Myb going to a local taxidermist shop and ask if you cam help around .... Thats wht im planing to do this summer after hunting seasons over....


----------



## SCWA

Ya thats what I was thinking would be a good idea. Do you guys know of any good DVD's?


----------



## kebees4

DVD's only give some basics. If you want to get good you need to work with someone that will show you some of the things not shown in DVD's. Try to finf someone to work with.


----------



## kahoff

Hey, I got that wild hair too right now. I am actually thinking about quitting my teaching job and a guarnteed paycheck to start doing taxidermy. I have been studing the profession for a few monthes now and working on a few practice projects. Try convincing your fiance and family to let you quit a guarnteed job to persue your dreams. I am working every extra minute I can right now on learning the trade. One really helpful resource I have found is taxidermytube.com It costs 20 bucks a month but it teaches you quite a bit of the basics. What I did was study the videos and took detailed notes so I don't have to renew my subscription next month. By doing this I have learned some of the basic supplies needed to get started and am currently working on two bird mounts and two deer mounts. The guy who makes most of the videos is Dan Rinehart who runs a taxidermy school. He shows you in pretty good detail how to do a pheasant mount, standing duck mount, deer shoulder mount, and a fox mount.
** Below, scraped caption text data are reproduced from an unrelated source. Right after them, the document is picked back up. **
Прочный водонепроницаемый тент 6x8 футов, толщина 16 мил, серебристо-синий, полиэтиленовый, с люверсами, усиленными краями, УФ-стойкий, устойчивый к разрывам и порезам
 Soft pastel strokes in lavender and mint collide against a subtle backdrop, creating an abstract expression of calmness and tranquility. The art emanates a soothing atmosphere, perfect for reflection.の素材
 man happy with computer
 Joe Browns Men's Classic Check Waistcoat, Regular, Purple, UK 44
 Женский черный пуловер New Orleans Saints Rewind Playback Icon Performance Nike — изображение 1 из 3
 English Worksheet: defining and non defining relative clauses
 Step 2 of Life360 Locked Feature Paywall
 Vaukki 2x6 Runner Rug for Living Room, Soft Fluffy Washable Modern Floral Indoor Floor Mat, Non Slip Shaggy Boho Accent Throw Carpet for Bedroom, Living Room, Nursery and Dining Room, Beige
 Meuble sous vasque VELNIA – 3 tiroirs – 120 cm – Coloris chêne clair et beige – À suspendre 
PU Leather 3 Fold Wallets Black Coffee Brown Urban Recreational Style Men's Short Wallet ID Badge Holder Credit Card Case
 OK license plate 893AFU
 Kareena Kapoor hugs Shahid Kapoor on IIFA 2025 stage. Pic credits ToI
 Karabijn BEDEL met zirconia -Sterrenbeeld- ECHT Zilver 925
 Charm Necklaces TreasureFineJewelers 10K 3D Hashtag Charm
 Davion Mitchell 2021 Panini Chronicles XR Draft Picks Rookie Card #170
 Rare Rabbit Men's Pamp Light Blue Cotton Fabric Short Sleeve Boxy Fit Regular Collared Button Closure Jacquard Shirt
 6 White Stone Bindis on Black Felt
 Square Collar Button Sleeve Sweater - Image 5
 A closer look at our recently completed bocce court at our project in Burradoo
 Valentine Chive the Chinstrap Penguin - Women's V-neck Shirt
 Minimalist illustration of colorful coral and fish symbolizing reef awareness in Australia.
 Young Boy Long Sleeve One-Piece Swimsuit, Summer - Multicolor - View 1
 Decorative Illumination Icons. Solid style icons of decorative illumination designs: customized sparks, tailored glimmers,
Those are pretty much the basics since everything else is done similar to those animals. All I can say is good luck. It is hard work getting started and learning the basics but I hope it pays off for the both of us. Otherwise I will have one pissed off wife in the future.


----------



## scrapewatcher

most of you guys who want to get into it want to get into bussiness too fast. do yourself a big favor and take your time on that part of it. there are many great taxi's out there who aren't going to welcome you into their shop to produce their own competition. to make it your going to have to be good in all phases of taxidermy. do yo know which phase your best at and which one you can promote the best such as wildfowl, mamals, or fish? it takes awhile to master all of them. don't shoot yourself in the foot right off the bat by putting out crap. you will build your reputation on repeat business. your friends and family will be a lot more forgiving than the regular costumers that are shelling out hard earned money. take your time and do it part time and learn for awhile until you have confidence in your ability to be an artist. rushing into it will be very frustrating for you.


----------



## akcarnivore

I would find a local taxidermist as well. Thats what I did. Ive been working for a taxidermist for 3 or 4 years now and Its one of the neatest jobs ive had. I shot my 1st whitetail this fall and am doing a shoulder mount for cost of material. Its a good gig to get into. Money may not be the best but If you love what ya do that shouldnt matter. you also see alot of neat stuff.


----------



## bonecollectin

I don't know if you have vo-tech schools in your area but that is where I went to learn taxidermy you might check in to that because it only cost me $175. It was taught by a retired taxidermist. Hope this helps.


----------



## Wilkie

$5,000 is dirt cheap I charge $2,000 just to learn how to measure,skin,flesh,prep,mount and finish a whitetail. Tanning is done commercially, I could teach it but send everything out now.


----------



## Trophy Time

If you are really interested I have a bunch videos that I will sell, just let me know. You can start with the videos than if you wanted or needed more training on one particular area than you could always get more training from someone else. I think having a little knowlege first will help you retain more later.


----------



## TOPBOWARCHERY

I have an archery pro shop w/ a taxidermy business for sale in Michigan, been there for 19 years, moving out of the state.


----------



## archeryshooter

txsbowhunter said:


> Myb going to a local taxidermist shop and ask if you cam help around .... Thats wht im planing to do this summer after hunting seasons over....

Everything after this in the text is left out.